** RECORDS FOR THE EXERCISE follows **

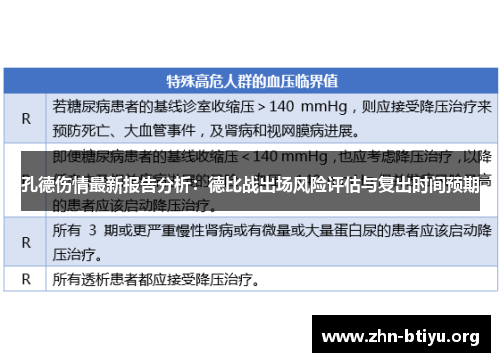 孔德伤情最新报告分析:德比战出场风险评估与复出时间预期 孔德伤情最新报告分析:德比战出场风险评估与复出时间预期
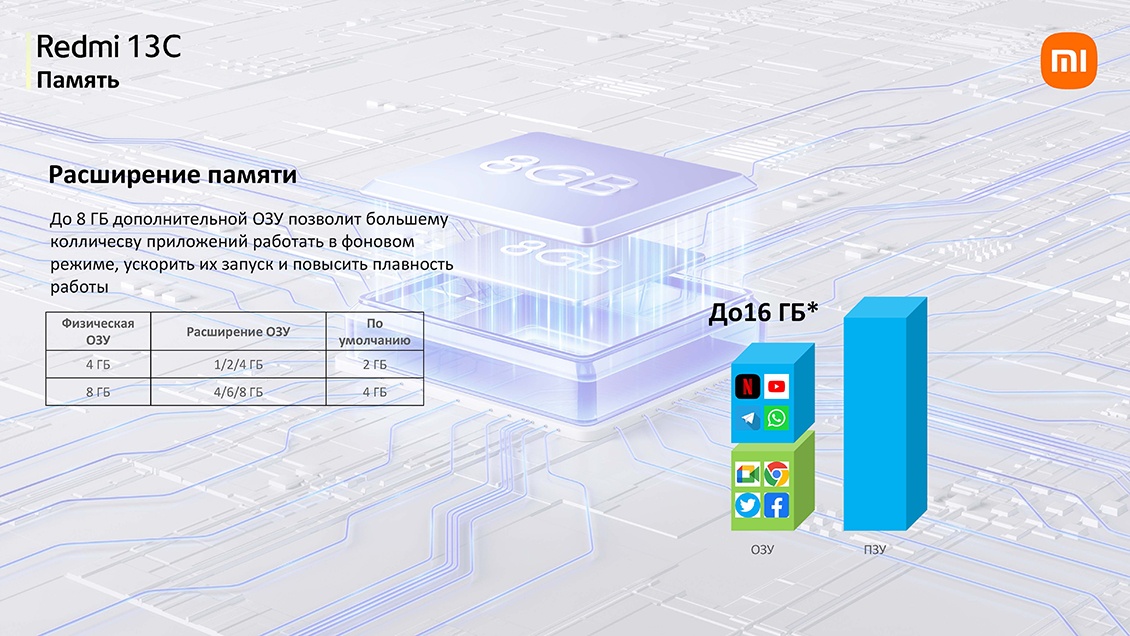 Расширение памяти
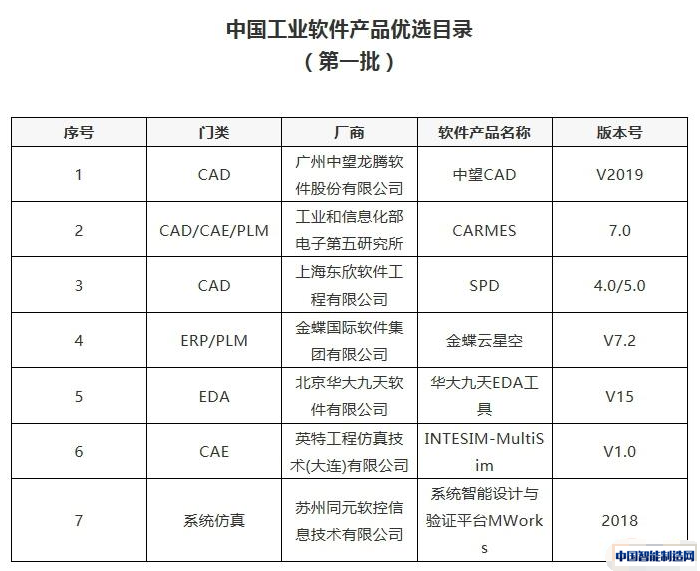 中望CAD入选第一批中国工业软件产品优选目录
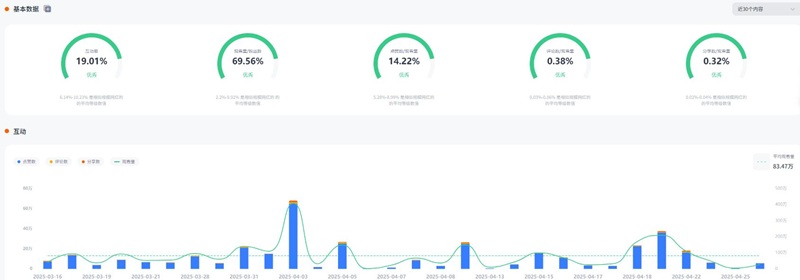 巴西健身美妝護(hù)膚網(wǎng)紅頻道數(shù)據(jù)
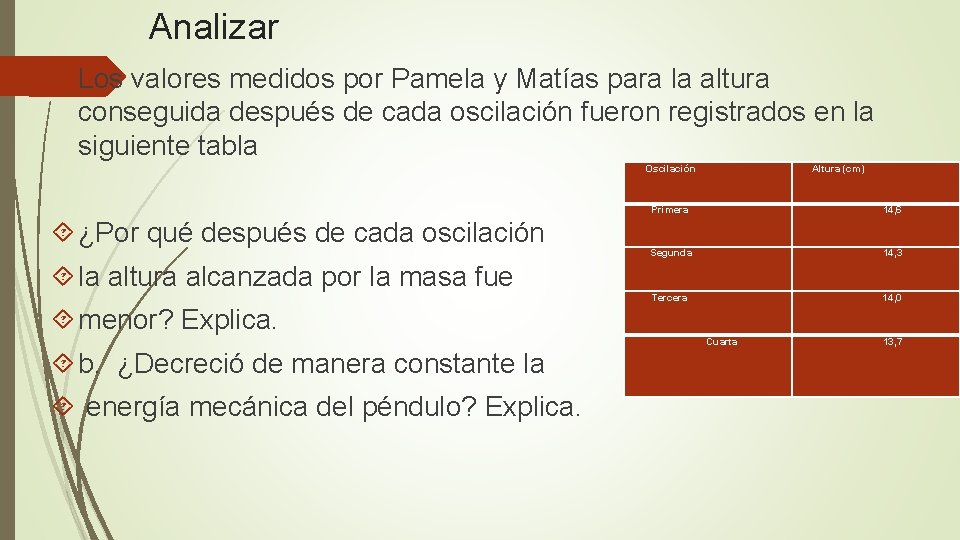 Analizar Los valores medidos por Pamela y Matías para la altura conseguida después de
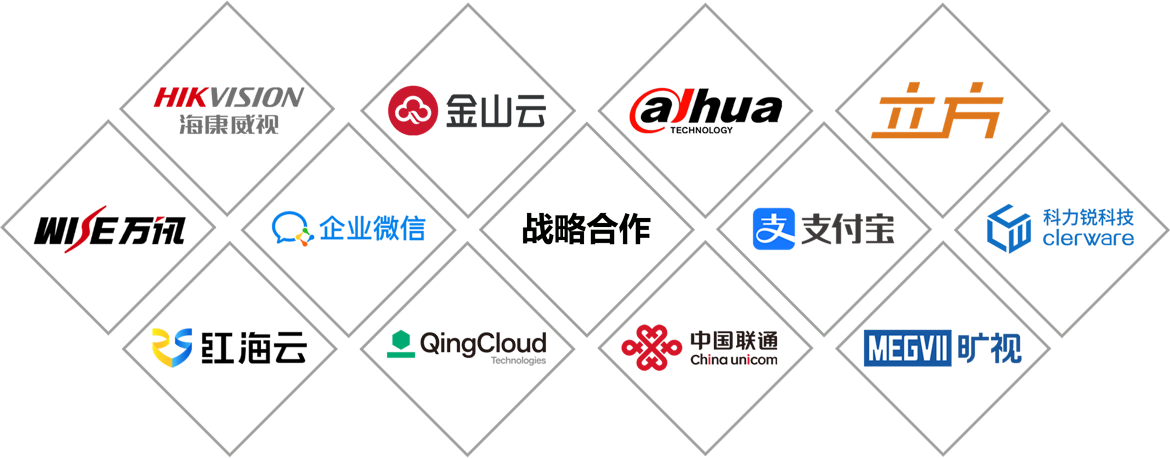 战略合作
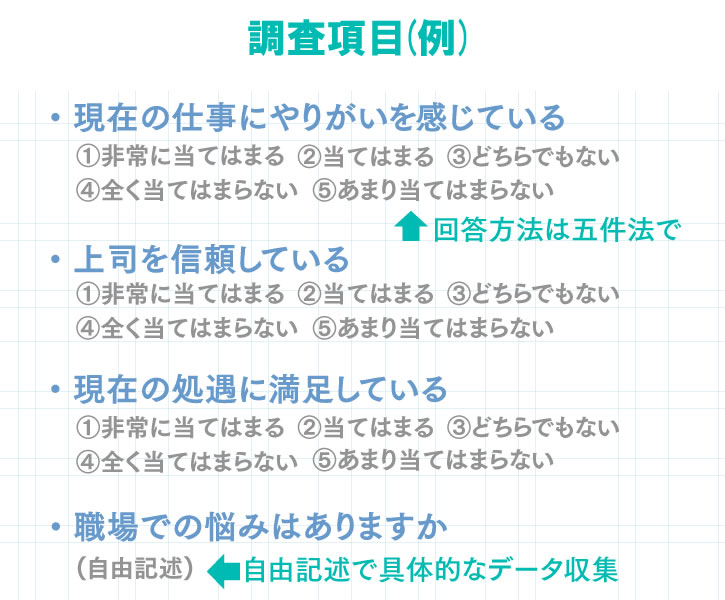 従業員満足度を調査するための3つの項目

** End of RECORDS FOR THE EXERCISE **

In your copy of the records above, include every line exactly but no pictures.

 孔德伤情最新报告分析:德比战出场风险评估与复出时间预期 孔德伤情最新报告分析:德比战出场风险评估与复出时间预期
 Расширение памяти
 中望CAD入选第一批中国工业软件产品优选目录
 巴西健身美妝護(hù)膚網(wǎng)紅頻道數(shù)據(jù)
 Analizar Los valores medidos por Pamela y Matías para la altura conseguida después de
 战略合作
 従業員満足度を調査するための3つの項目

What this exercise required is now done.